• Task prompt: Only one stretch of the data below is wanted: the lines from the one with "Brown tabby cat" through the one with "Immuneti Advanced Immune", repeated exactly.

■ ■ ■ ■

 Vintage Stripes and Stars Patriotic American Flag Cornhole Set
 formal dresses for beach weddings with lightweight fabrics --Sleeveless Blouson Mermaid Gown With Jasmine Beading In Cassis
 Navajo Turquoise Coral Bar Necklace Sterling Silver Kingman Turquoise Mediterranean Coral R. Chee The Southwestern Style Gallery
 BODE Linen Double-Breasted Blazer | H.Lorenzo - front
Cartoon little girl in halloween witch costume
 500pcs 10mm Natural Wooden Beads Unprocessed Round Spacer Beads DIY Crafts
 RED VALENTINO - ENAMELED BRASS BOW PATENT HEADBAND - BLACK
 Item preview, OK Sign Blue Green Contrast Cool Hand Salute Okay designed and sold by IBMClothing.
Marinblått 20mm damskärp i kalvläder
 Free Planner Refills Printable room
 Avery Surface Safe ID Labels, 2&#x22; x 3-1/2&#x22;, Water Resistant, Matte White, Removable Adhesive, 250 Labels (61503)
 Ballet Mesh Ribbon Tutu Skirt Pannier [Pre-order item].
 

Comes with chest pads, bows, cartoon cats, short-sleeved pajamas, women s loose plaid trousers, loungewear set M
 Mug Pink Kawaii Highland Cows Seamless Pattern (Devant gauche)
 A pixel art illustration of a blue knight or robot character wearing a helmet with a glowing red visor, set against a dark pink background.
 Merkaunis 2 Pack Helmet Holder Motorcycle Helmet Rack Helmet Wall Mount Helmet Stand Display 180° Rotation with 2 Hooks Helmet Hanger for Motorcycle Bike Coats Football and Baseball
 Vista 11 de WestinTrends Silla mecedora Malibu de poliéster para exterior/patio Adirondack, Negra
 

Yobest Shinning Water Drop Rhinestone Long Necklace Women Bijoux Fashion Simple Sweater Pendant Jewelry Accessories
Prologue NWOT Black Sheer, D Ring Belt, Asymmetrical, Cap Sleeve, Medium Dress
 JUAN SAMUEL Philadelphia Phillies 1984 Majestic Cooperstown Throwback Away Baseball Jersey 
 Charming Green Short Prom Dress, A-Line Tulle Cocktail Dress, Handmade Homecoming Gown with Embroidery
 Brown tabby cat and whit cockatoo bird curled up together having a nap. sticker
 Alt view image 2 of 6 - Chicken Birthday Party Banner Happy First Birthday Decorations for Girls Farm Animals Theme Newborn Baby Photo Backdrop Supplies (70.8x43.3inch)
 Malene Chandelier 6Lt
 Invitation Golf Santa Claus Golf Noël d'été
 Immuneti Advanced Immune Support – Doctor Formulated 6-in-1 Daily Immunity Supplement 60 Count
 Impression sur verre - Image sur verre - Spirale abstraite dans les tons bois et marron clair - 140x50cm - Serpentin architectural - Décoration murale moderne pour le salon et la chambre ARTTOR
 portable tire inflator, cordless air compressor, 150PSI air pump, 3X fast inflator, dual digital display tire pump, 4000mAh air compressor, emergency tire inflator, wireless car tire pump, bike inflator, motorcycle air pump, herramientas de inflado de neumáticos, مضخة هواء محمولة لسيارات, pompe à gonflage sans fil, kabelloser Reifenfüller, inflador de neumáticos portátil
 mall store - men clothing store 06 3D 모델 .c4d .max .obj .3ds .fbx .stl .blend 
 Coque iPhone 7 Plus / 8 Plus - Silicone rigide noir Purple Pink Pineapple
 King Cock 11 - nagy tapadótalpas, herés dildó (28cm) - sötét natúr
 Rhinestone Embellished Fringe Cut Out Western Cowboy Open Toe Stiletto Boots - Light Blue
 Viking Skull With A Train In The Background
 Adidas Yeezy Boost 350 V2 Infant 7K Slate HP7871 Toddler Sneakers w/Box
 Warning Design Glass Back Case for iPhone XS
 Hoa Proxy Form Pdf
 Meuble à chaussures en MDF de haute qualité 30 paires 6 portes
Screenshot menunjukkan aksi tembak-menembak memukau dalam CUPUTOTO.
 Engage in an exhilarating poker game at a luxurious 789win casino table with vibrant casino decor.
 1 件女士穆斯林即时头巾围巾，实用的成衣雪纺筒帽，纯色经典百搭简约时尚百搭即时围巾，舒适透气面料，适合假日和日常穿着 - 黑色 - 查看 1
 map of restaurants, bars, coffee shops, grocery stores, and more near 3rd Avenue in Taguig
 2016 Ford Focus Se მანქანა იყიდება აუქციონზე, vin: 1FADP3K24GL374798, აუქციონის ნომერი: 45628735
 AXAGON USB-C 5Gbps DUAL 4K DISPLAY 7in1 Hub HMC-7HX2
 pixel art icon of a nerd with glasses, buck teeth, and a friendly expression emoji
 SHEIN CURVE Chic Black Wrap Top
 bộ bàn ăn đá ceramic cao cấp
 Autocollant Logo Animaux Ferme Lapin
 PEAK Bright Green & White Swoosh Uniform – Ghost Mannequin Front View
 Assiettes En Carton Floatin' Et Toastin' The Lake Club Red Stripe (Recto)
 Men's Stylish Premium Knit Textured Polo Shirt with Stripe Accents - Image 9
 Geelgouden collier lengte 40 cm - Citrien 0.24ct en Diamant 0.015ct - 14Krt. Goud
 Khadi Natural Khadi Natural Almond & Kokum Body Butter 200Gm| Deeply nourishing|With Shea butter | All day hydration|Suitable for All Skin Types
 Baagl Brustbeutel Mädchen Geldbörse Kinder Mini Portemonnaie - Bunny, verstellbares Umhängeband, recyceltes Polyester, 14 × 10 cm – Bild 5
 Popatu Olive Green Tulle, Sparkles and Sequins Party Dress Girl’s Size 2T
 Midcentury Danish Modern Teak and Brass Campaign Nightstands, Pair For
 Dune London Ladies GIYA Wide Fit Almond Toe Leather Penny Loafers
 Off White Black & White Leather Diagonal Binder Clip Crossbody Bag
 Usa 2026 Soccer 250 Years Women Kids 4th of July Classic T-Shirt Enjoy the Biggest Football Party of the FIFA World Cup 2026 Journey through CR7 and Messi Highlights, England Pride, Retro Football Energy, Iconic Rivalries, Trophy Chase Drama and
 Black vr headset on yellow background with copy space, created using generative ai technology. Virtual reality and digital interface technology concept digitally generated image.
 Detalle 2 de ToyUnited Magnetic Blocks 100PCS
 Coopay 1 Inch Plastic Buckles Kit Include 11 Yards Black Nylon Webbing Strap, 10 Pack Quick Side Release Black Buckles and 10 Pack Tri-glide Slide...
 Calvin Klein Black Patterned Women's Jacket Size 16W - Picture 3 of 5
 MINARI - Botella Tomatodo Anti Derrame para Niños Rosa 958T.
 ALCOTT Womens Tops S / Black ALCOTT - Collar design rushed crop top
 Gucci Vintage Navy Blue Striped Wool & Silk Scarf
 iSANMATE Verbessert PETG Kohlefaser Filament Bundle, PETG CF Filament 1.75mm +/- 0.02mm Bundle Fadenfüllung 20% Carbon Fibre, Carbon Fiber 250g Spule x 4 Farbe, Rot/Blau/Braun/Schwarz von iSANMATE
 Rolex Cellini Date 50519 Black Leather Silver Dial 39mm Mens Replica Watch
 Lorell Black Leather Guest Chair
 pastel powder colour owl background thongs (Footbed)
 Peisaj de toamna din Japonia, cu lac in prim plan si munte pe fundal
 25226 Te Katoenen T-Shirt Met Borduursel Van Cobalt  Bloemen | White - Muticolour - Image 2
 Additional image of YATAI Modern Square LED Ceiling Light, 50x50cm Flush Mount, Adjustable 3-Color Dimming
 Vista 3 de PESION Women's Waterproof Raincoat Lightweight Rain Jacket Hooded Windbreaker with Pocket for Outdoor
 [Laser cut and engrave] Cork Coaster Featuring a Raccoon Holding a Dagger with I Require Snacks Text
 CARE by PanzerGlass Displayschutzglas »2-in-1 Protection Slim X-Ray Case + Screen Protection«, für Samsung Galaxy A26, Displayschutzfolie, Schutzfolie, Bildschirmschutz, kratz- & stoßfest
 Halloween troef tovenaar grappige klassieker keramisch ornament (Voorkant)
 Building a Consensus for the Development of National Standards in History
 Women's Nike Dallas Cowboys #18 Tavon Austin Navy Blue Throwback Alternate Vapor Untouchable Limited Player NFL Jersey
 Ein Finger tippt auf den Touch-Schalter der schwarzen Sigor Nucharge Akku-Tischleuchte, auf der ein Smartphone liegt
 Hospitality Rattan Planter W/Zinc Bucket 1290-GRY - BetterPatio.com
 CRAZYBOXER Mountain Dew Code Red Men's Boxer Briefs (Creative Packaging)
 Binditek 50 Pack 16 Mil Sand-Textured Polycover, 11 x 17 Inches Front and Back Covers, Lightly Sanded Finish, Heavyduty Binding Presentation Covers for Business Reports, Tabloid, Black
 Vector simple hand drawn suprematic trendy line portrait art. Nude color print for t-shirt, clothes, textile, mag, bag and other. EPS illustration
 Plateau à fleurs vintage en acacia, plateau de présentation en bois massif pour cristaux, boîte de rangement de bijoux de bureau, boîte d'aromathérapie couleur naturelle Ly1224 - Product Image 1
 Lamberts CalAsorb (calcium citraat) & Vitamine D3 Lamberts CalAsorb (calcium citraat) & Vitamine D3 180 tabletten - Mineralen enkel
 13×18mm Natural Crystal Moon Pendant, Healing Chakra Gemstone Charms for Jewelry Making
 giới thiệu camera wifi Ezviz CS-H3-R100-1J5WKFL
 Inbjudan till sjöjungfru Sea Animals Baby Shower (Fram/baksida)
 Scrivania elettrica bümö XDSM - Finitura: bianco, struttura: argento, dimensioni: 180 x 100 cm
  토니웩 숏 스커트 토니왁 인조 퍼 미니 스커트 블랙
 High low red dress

■ ■ ■ ■

• Your response:
 Brown tabby cat and whit cockatoo bird curled up together having a nap. sticker
 Alt view image 2 of 6 - Chicken Birthday Party Banner Happy First Birthday Decorations for Girls Farm Animals Theme Newborn Baby Photo Backdrop Supplies (70.8x43.3inch)
 Malene Chandelier 6Lt
 Invitation Golf Santa Claus Golf Noël d'été
 Immuneti Advanced Immune Support – Doctor Formulated 6-in-1 Daily Immunity Supplement 60 Count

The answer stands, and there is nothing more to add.